TASK INSTRUCTIONS: Output the entries below word for word, stopping once the line containing "Raquette De Ping" is done, and omit each picture.

(Pictures with short captions)
┏━━

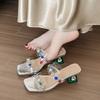 Fashion 2025 Hot Selling Fashion Summer Women Sandals Shoes Beach Ladies Clear Sandal Comfortable High Heels Woman Transparent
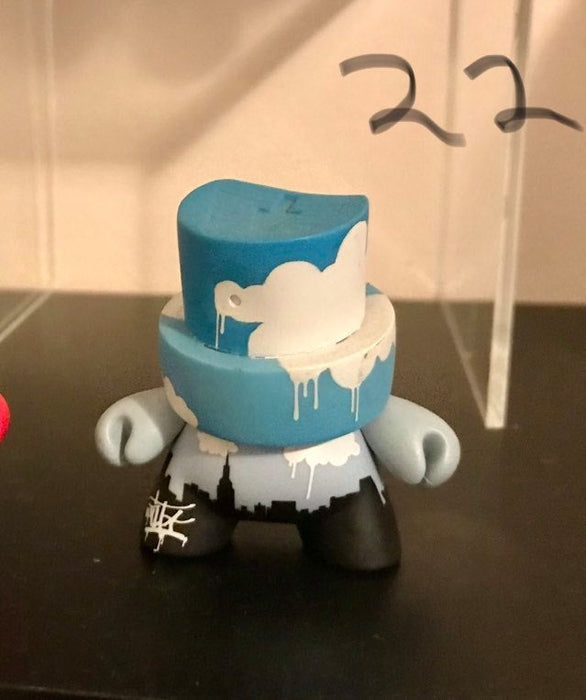 Lindsay Sturm Collection Item 22: 3in Fatcap - Tilt - Golden Ticket by Kidrobot Available Now ! ! ! - Tenacious Toys®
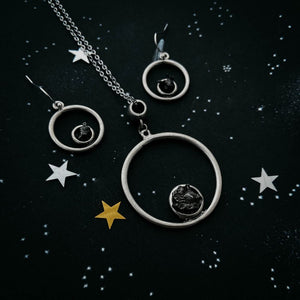 Meteorite Jewelry Set
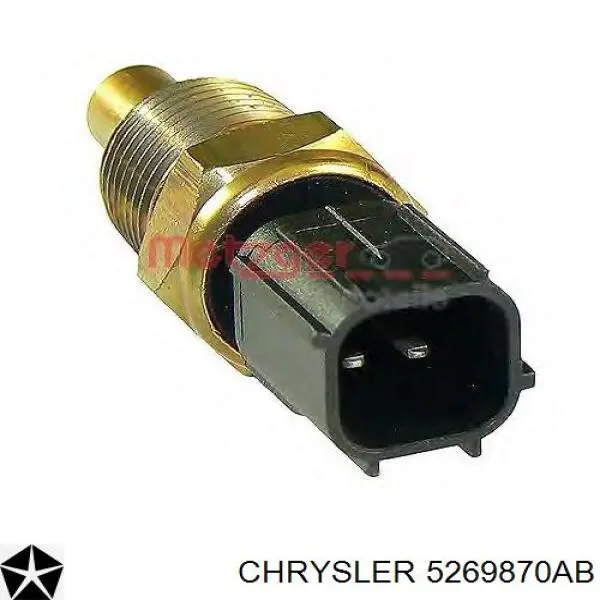 Sensor de temperatura do fluido de esfriamento 5269870AB Chrysler
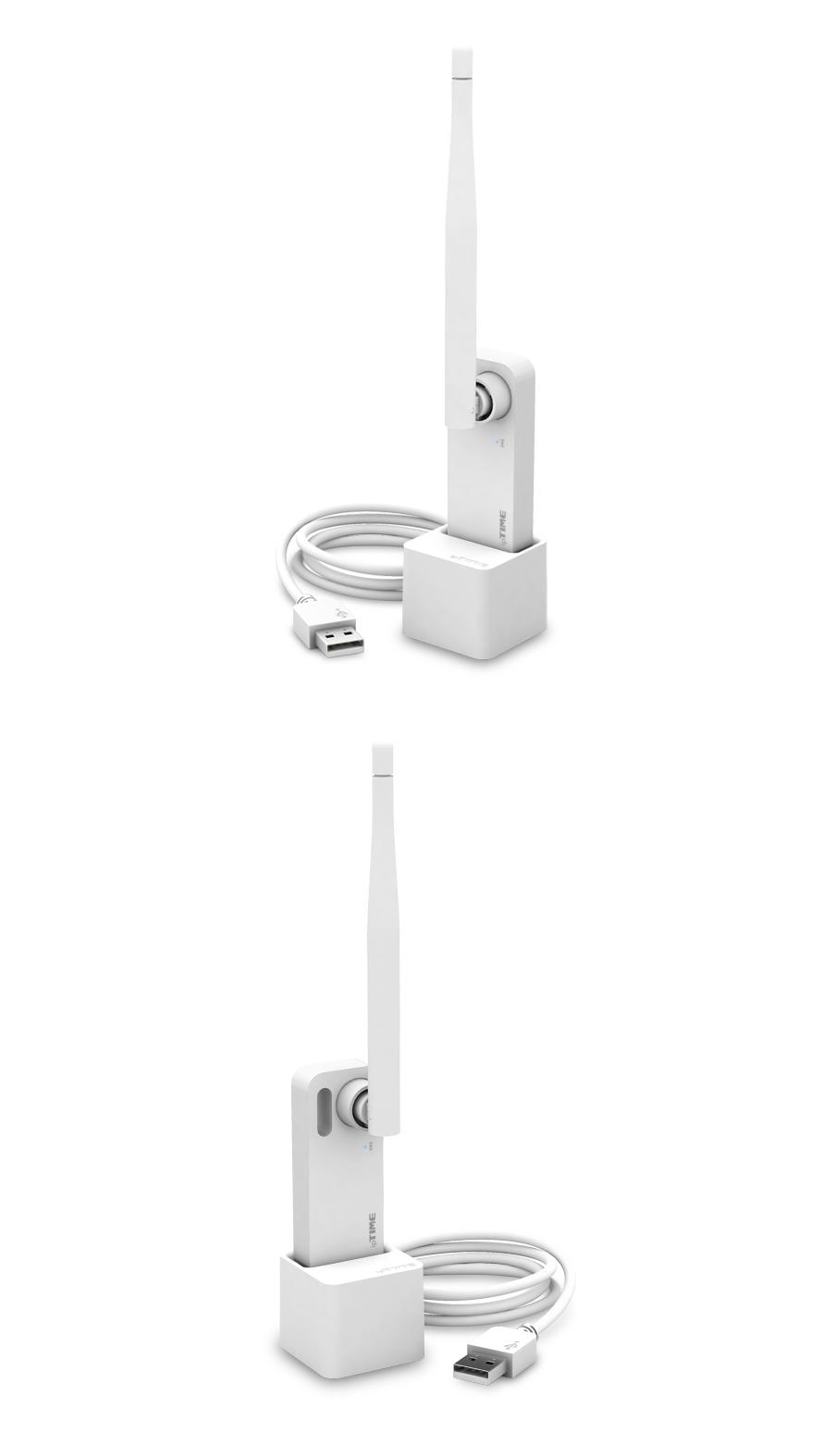 IPTIME N150UA3 USB2.0 무선랜카드/랜카드/무선랜카드/무선랜/LANCARD/외장안테나형랜카드/외장안테나형USB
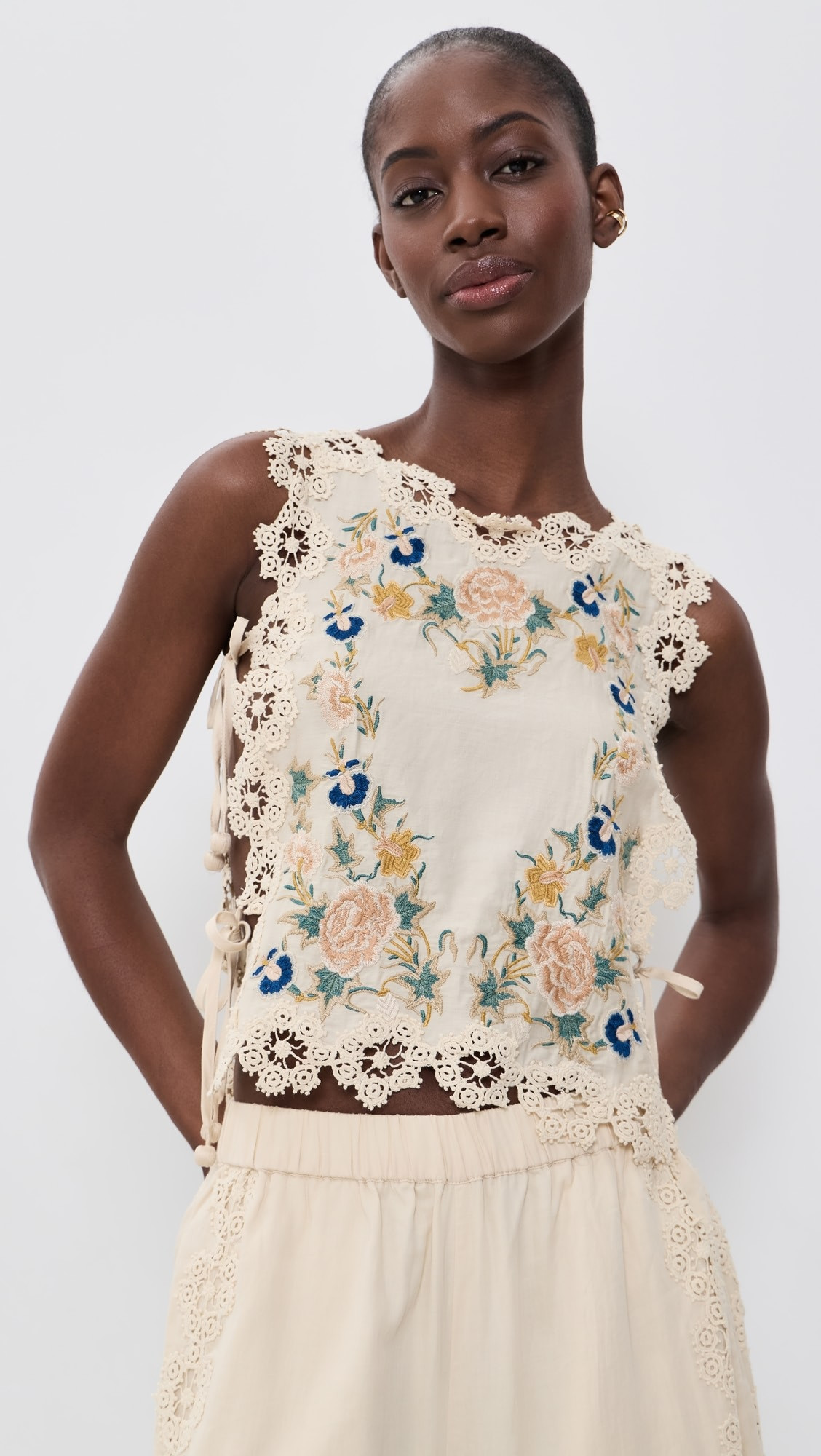 Adonna Embroidered Sleeveless Top | Shopbop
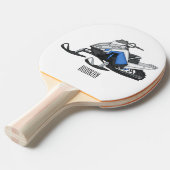 Raquette De Ping Pong Illustration de motoneige (Devant Angle)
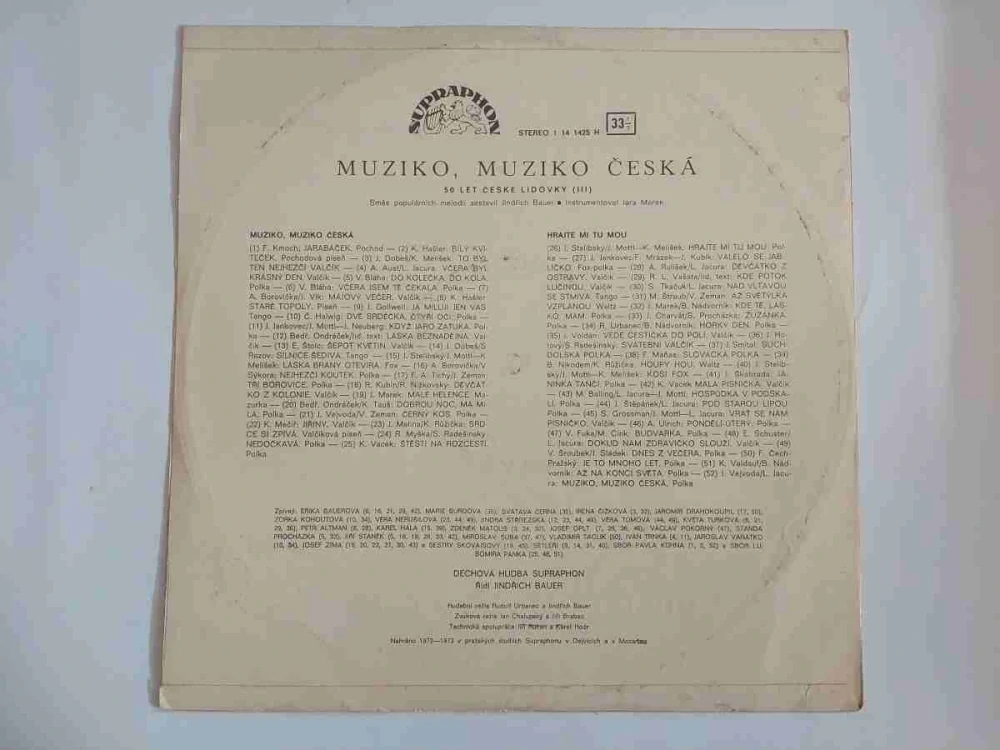 LP Muziko, muziko česká - 50 let české lidovky 3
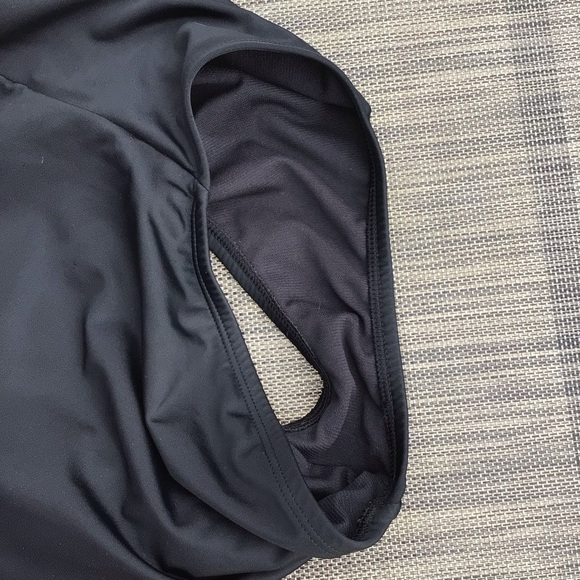 NWOT Time and Tru Womens Black Floral Mesh Band One Piece Swimsuit Medium 8-10 - Picture 5 of 7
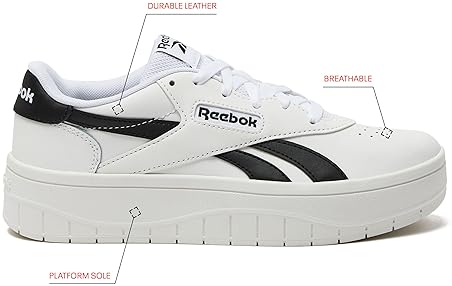 Reebok Court Advance Surge Women's Platform Sneakers - Fashion Tennis Shoes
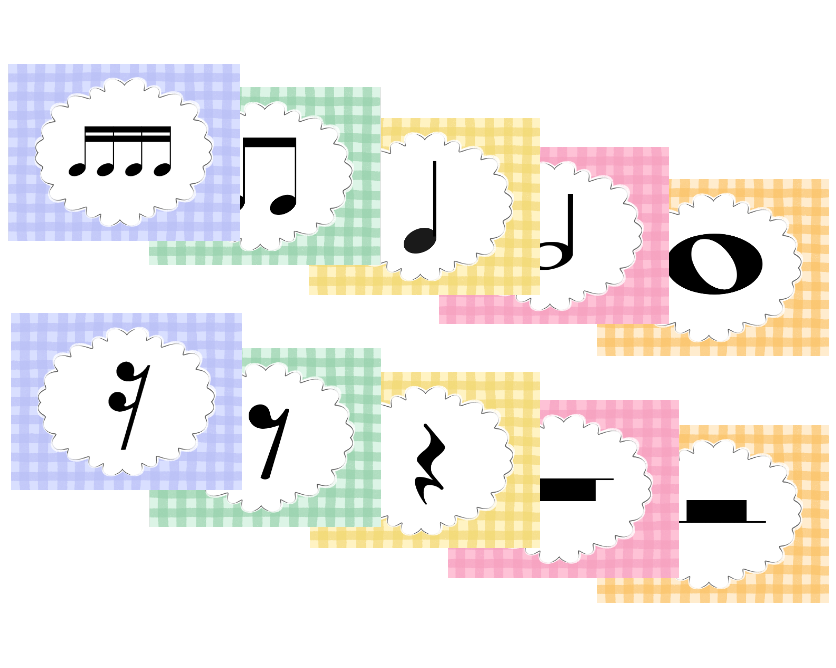 Rhythm Posters - Gingham - Digital Download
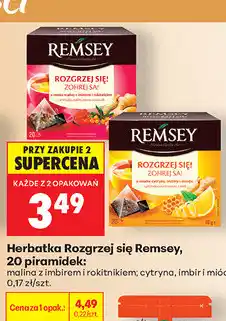 Biedronka Herbata Rozgrzej się Remsey, 20 piramidek oferta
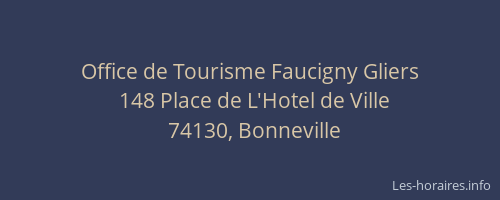 Office de Tourisme Faucigny Gliers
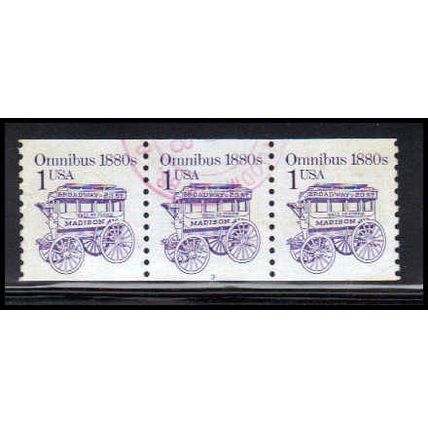 Used 2225b 1c Omnibus Very Fine PNC 3/3 PA2735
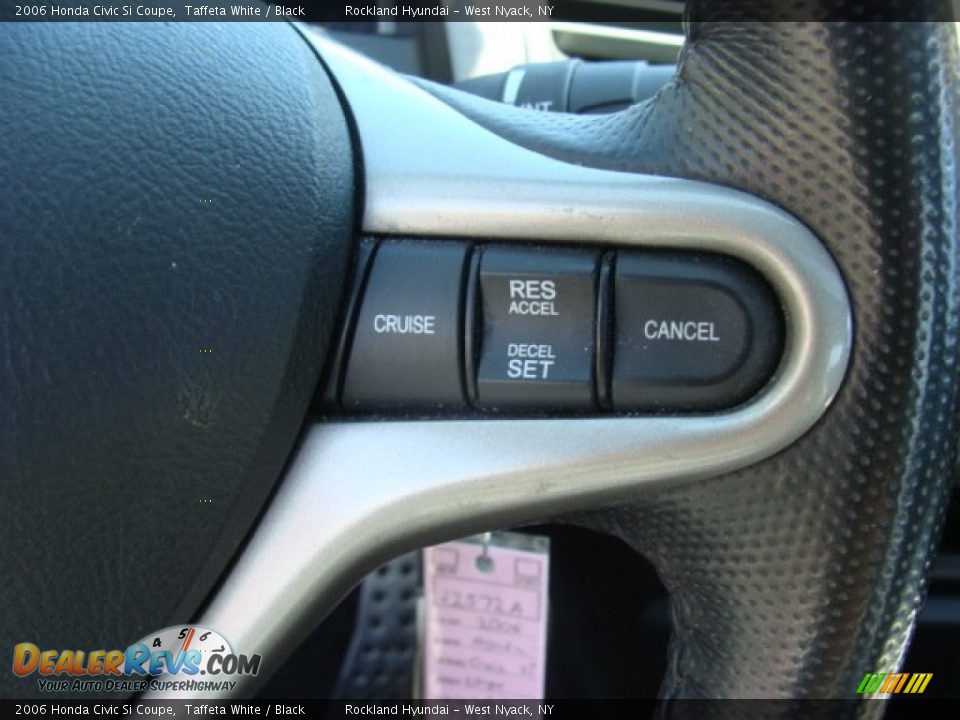 2006 Honda Civic Si Coupe Taffeta White / Black Photo #15
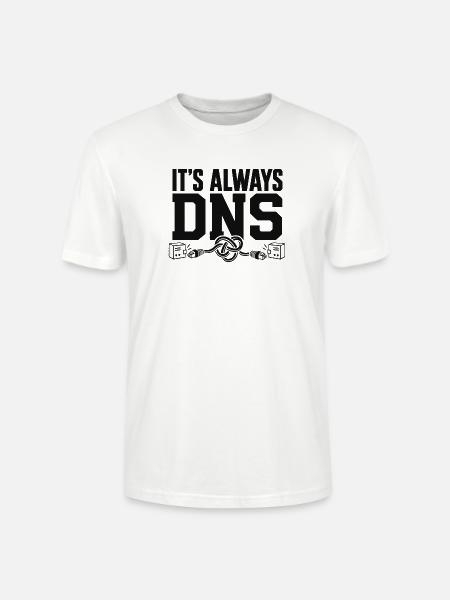 Always DNS Knot Tech Tee - Stanley/Stella Unisex Bio-T-Shirt CRAFTER - Weiß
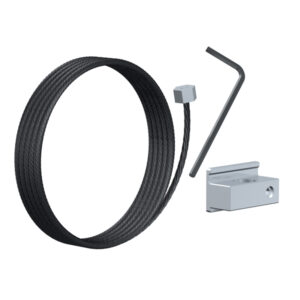 TRACK & SLIDE Hexagon Hanging Wire 2mm black steel max. 40kg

┗━━

TASK SOLUTION:
 Fashion 2025 Hot Selling Fashion Summer Women Sandals Shoes Beach Ladies Clear Sandal Comfortable High Heels Woman Transparent
 Lindsay Sturm Collection Item 22: 3in Fatcap - Tilt - Golden Ticket by Kidrobot Available Now ! ! ! - Tenacious Toys®
 Meteorite Jewelry Set
 Sensor de temperatura do fluido de esfriamento 5269870AB Chrysler
 IPTIME N150UA3 USB2.0 무선랜카드/랜카드/무선랜카드/무선랜/LANCARD/외장안테나형랜카드/외장안테나형USB
 Adonna Embroidered Sleeveless Top | Shopbop
 Raquette De Ping Pong Illustration de motoneige (Devant Angle)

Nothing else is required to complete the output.